[Data extracted from a collection]
+++

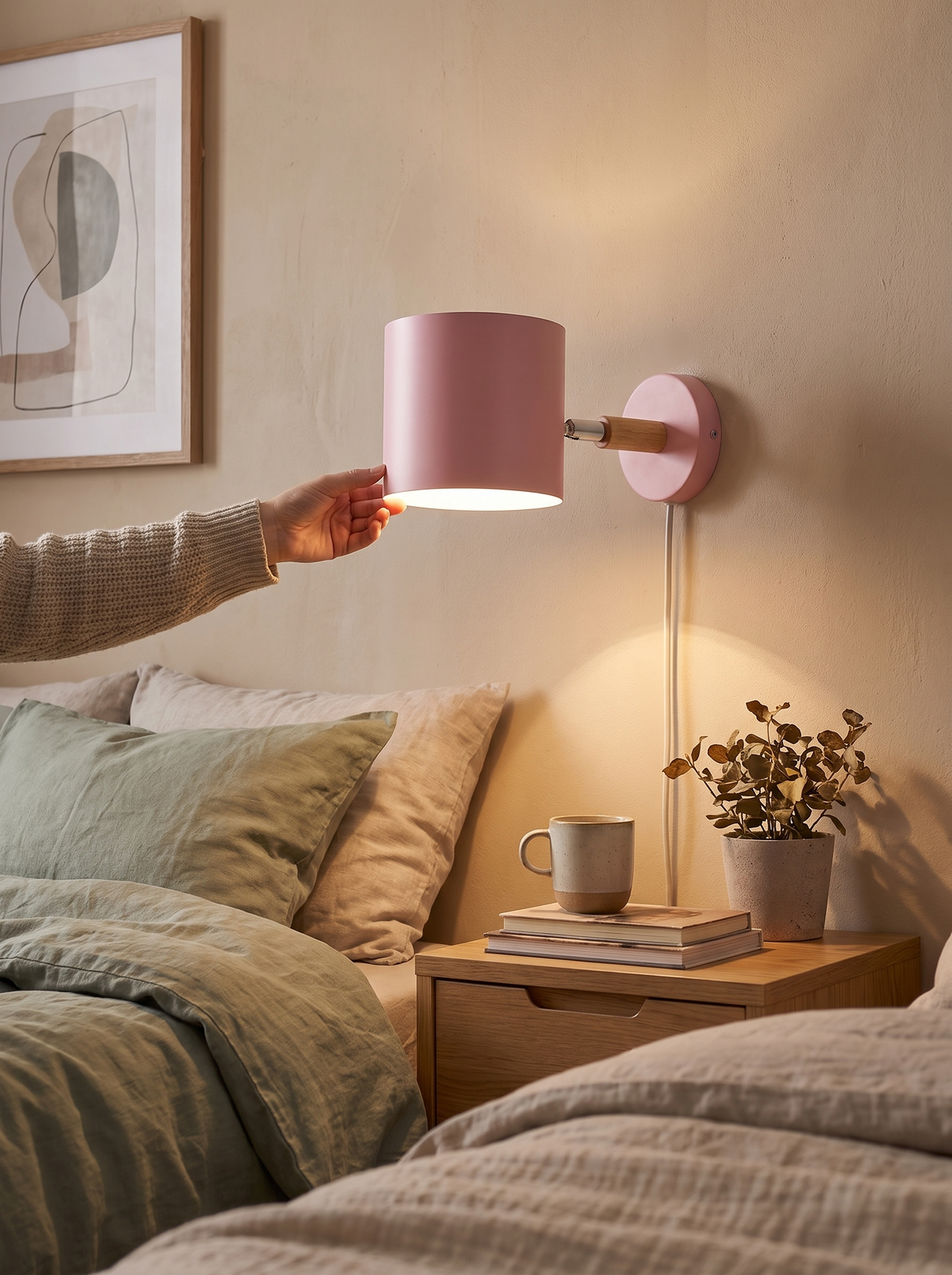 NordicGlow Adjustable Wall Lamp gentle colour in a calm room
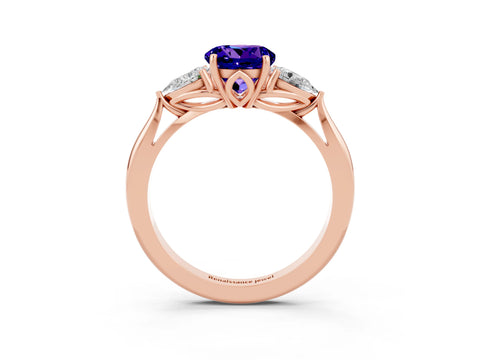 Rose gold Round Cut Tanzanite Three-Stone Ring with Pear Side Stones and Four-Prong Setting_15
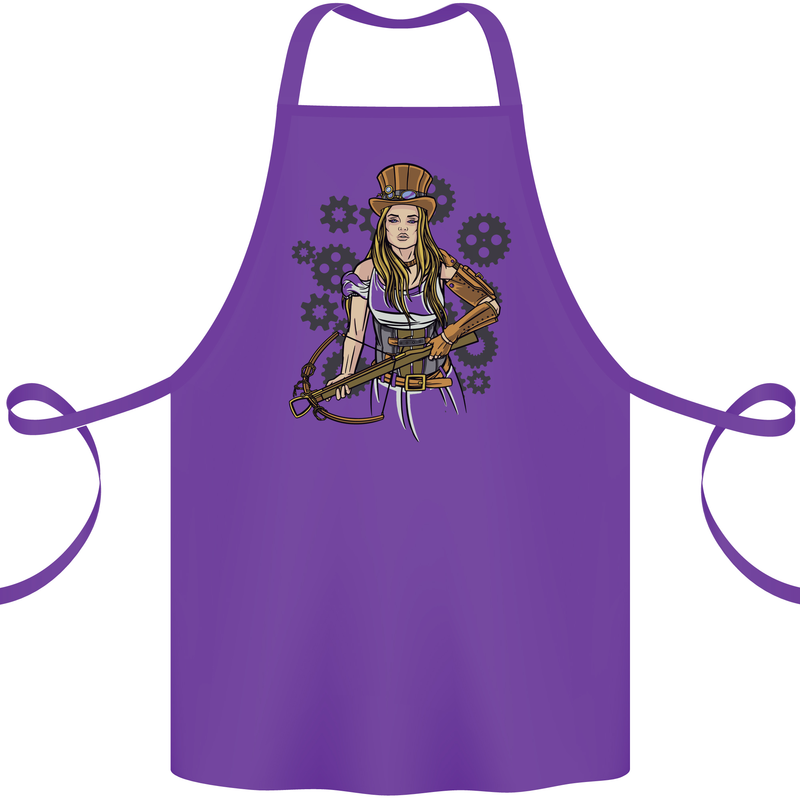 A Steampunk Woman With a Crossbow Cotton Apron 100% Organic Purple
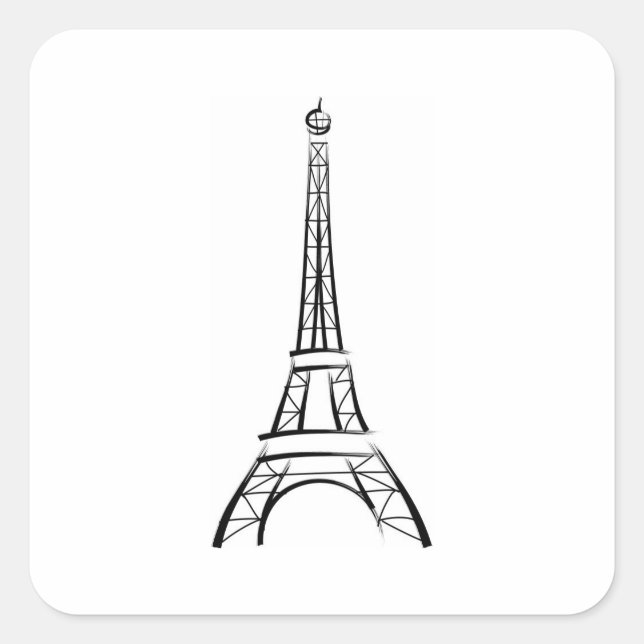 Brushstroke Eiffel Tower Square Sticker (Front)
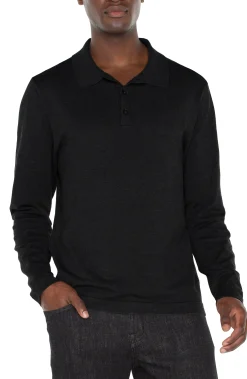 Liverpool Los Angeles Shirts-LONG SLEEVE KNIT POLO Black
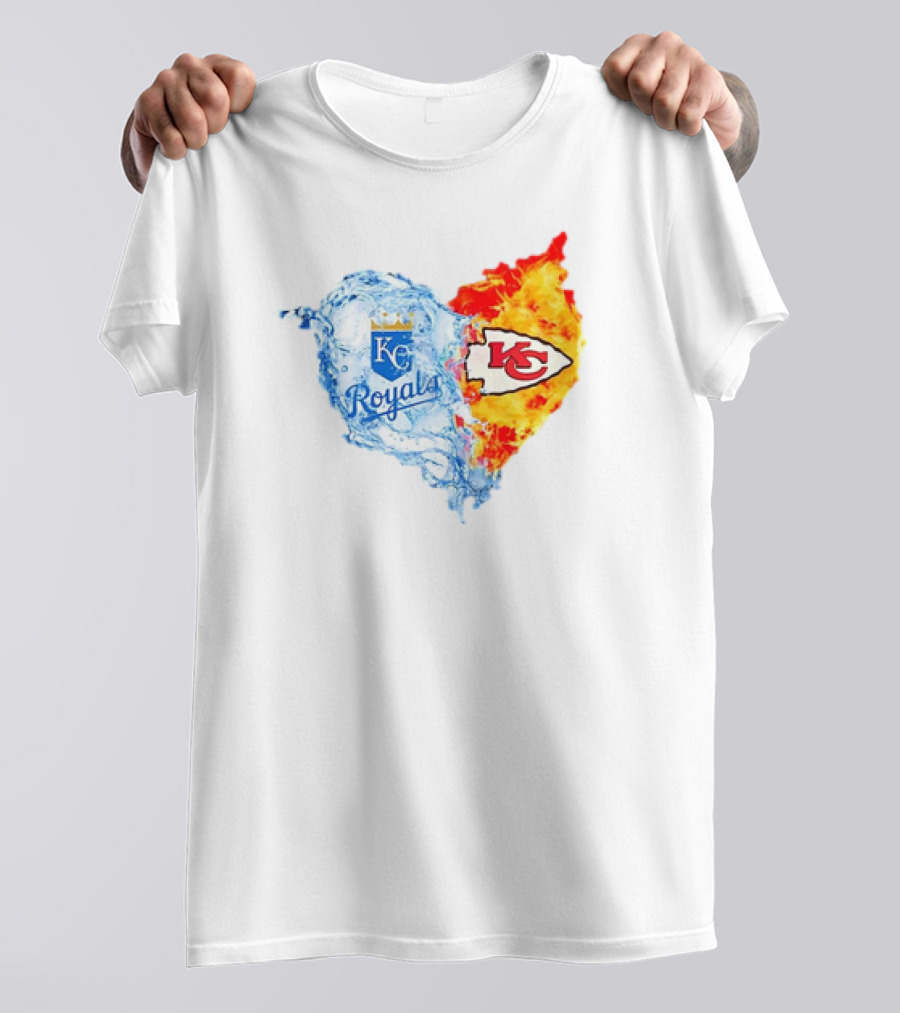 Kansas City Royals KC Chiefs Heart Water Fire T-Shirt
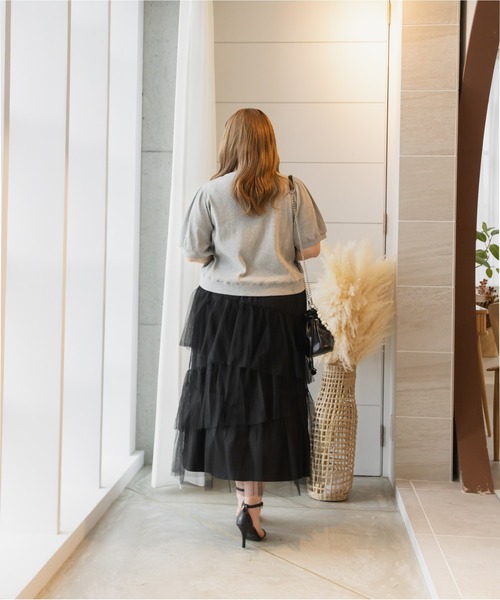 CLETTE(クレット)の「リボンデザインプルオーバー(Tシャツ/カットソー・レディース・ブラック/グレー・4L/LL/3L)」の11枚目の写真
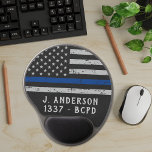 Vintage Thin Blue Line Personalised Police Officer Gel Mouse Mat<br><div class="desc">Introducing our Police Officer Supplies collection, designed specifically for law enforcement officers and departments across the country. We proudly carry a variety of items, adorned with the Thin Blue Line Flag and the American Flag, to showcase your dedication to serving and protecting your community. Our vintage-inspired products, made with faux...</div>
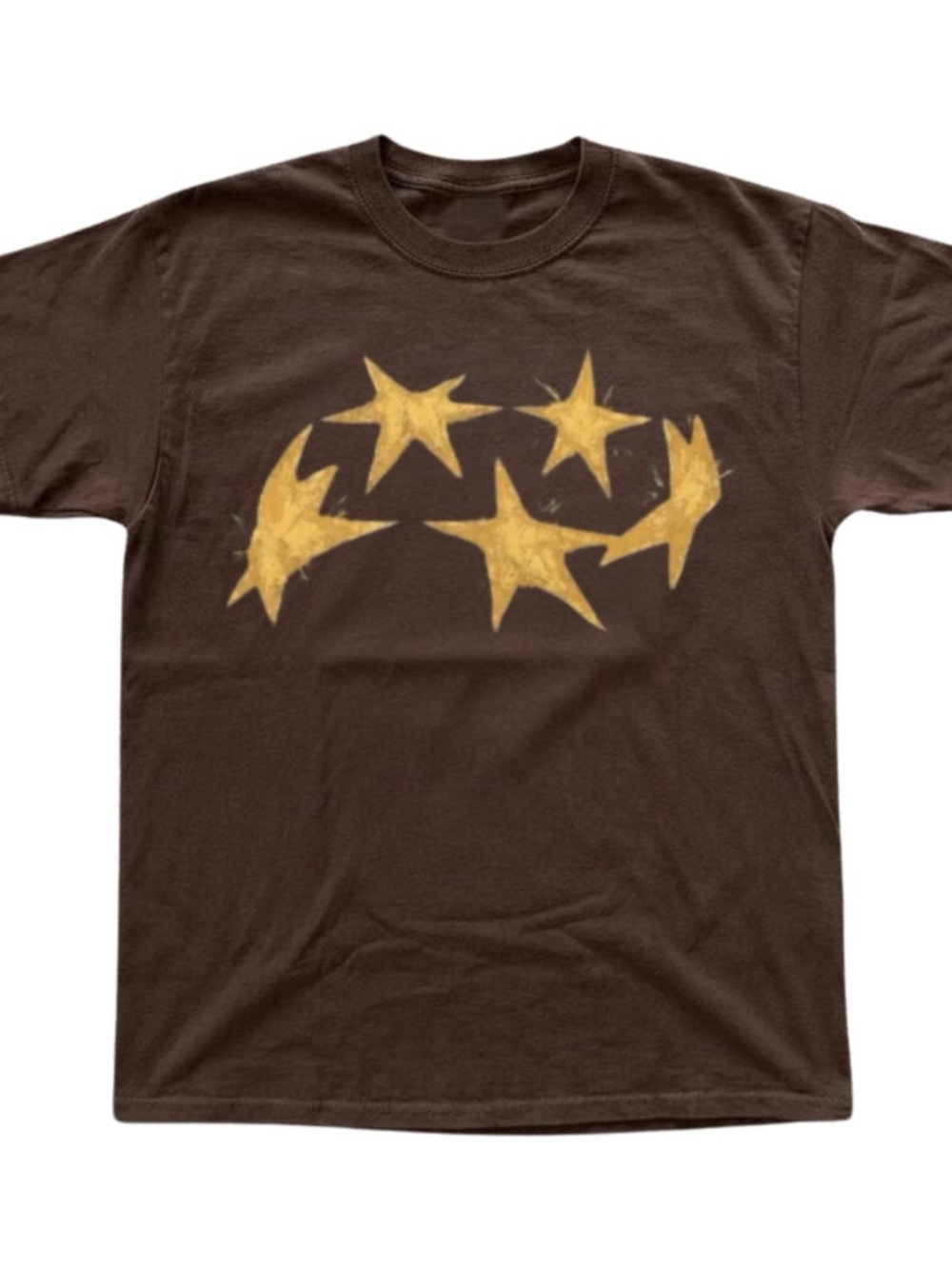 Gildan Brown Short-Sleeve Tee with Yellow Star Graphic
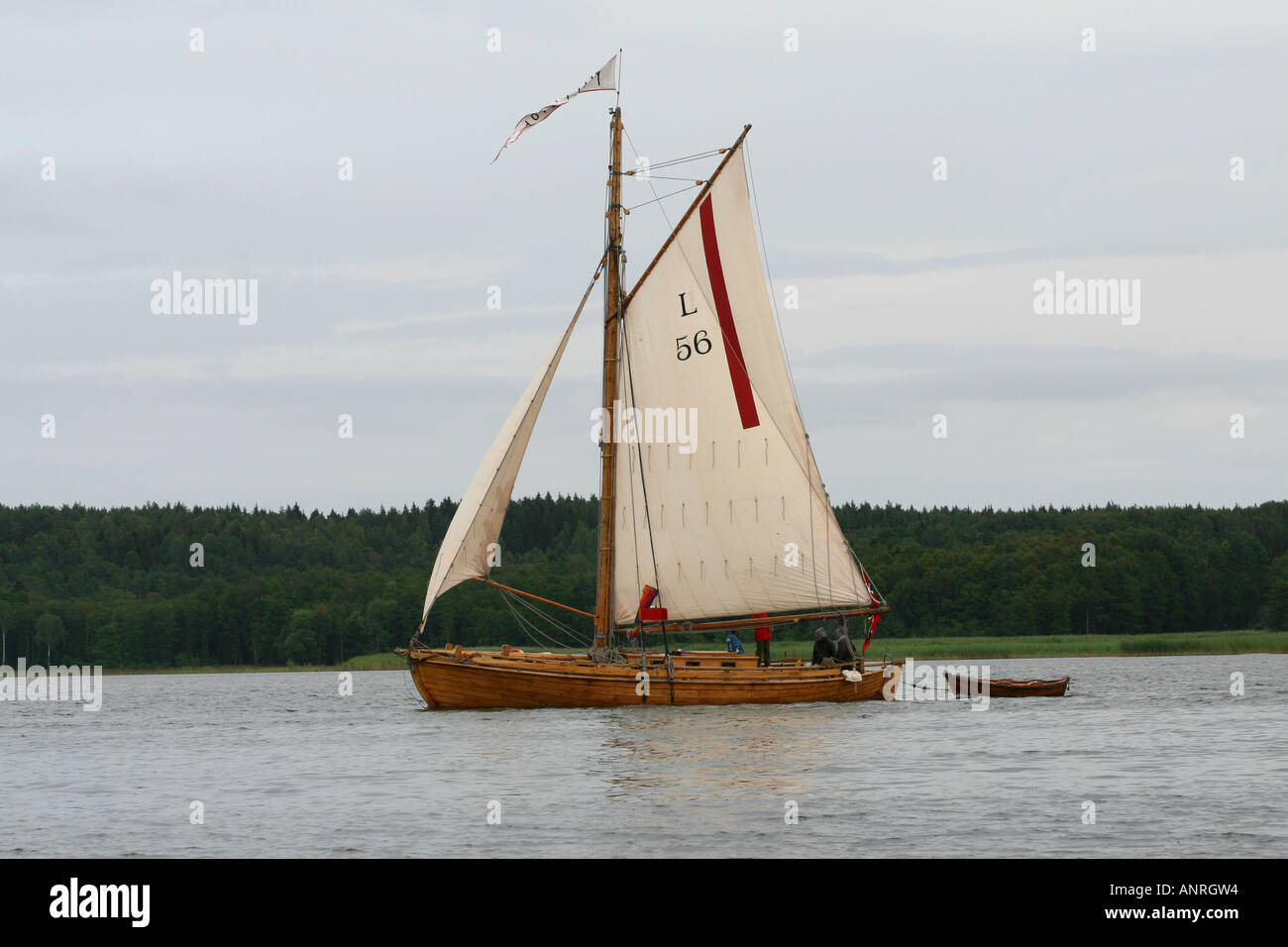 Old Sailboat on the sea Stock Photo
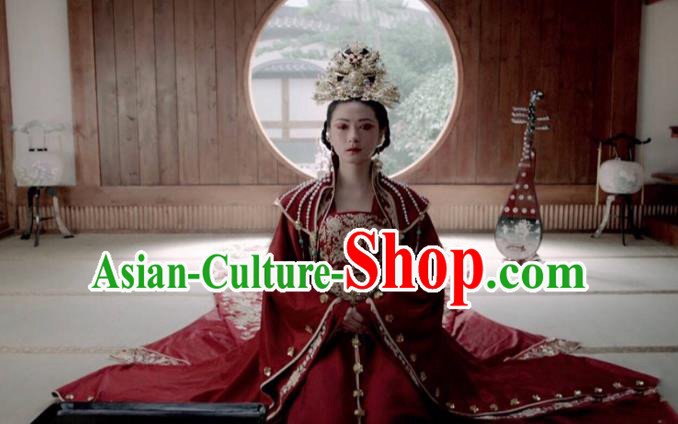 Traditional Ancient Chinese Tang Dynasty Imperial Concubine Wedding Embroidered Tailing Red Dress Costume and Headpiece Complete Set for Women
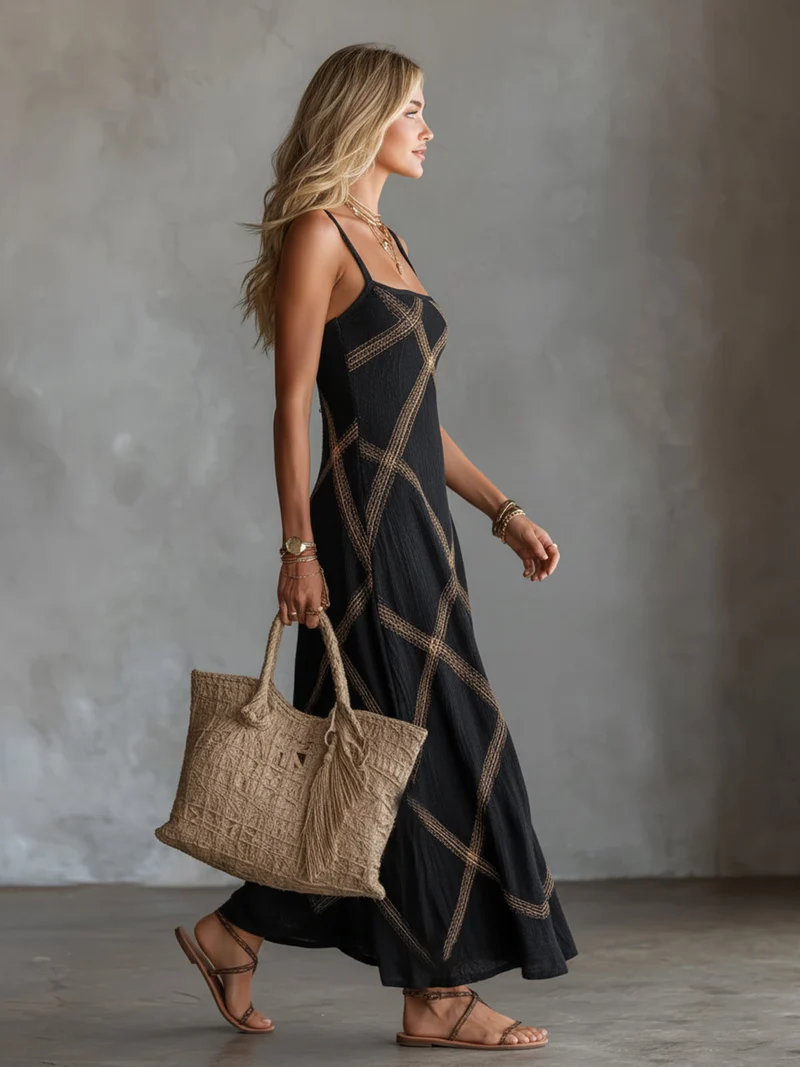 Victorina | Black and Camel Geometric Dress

+++

### ASSIGNED TASK
From the line that contains "CLETTE(クレット)の「" to the last line of the records above, copy each line exactly, both ends included, and leave the pictures out.

### ANSWER BELOW
 CLETTE(クレット)の「リボンデザインプルオーバー(Tシャツ/カットソー・レディース・ブラック/グレー・4L/LL/3L)」の11枚目の写真
 Vintage Thin Blue Line Personalised Police Officer Gel Mouse Mat<br><div class="desc">Introducing our Police Officer Supplies collection, designed specifically for law enforcement officers and departments across the country. We proudly carry a variety of items, adorned with the Thin Blue Line Flag and the American Flag, to showcase your dedication to serving and protecting your community. Our vintage-inspired products, made with faux...</div>
 Gildan Brown Short-Sleeve Tee with Yellow Star Graphic
 Old Sailboat on the sea Stock Photo
 Traditional Ancient Chinese Tang Dynasty Imperial Concubine Wedding Embroidered Tailing Red Dress Costume and Headpiece Complete Set for Women
 Victorina | Black and Camel Geometric Dress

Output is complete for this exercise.